5: Some kind of raw clip view? I’m not sure how exactly this would work, but I’d like a way to see extra information outside the area a clip is cropped to, for timing reference. Perhaps an option so while a clip is selected on the timeline, the clip monitor could match the playback position of that clip?

6: Free audio playback from video performance.
Either independently thread the video and audio playback, or at least prioritize audio playback so it doesn’t crackle when the video can’t keep up. I can’t be constantly chasing crackles to determine if they’re actually in the clips or just coming from Kdenlive.

7: Automatically render to memory from the playhead while paused, so playback can begin instantly. I don’t know if Kdenlive has a full dynamic RAM preview system like VEGAS, but that might be too much to ask.

8: Add more title text outline modes.
Circular dilation and contour-matching outlines could be added alongside the current taxicab mode. The cut corners of the taxicab outlines are distracting at high widths.

9: Count the end of a clip as a “frame” for effects.
Currently the final position on an effect timeline is the start of the clip’s final frame.

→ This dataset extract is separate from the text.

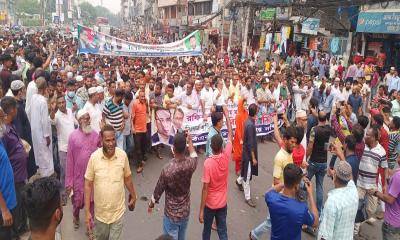 মজনুর মুক্তির দাবিতে রাজধানীতে বিক্ষোভ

This means if you apply something like a fade out, it will be visually off by one frame from how it is represented on the timeline, and you need to extend the clip by a frame to get it to reach 0% opacity where you want it. Counting one extra frame at the end of a clip and allowing keyframes to be placed there for the purpose of interpolating to them would solve this.

2 Likes

Yes it’ll be nice to have them. :blush:

Hallo @Monody I also came from more than three years of Windows and Vegas Pro. It was a really hard time, everything was different, especially Linux. On Linux, Kdenlive was and is by far my best video editor. Vegas Pro can do 100 or 50 times more than Kdenlive, but it crashed at least as often. In the meantime, I’ve got very used to Kdenlive and I don’t miss anything anymore.

4: A button to stop playback and return playhead to where it started.Yes, I’ve always wondered why that doesn’t work. But with Vegas, I usually found it very annoying: I look at my project, let it run, find a spot that needs to be edited, click and I’ve already lost the spot. I like the way it is with Kdenlive much better.

But regarding your question: it would probably be better to address the issues individually. You’ll probably get clearer answers.

And my experience is: Take Kdenlive as it is, you can get on very well with it. If you want Linux the way Windows was, you’ll never be happy. It’s the same with the video editor.

And now a request to you: Stay with Kdenlive, people who have such precise requirements as you do the software a lot of good. You could make a big contribution to making Kdenlive even better.

Regarding your note on #4, VEGAS has both behaviors on different keys, which is incredibly useful. I regularly use both. That’s what I’d like in Kdenlive because as I mentioned it makes testing edits quick and easy.

Yeah I do plan to stick with Kdenlive. It’s just difficult at the moment because even ignoring the factor of having to learn a different workflow, there are some things( like #2 and #6) that are show-stoppers for me.

Thank you for the reply. <3

Thanks for giving Kdenlive a try and your perseverance :wink:

And thank you for the wishlist - there is good stuff in it. That said, may I bother you to create a wishlist item for each in the official bug (and wishlist) tracker bugs.kde.org? That’s the only way we are keeping tabs on this.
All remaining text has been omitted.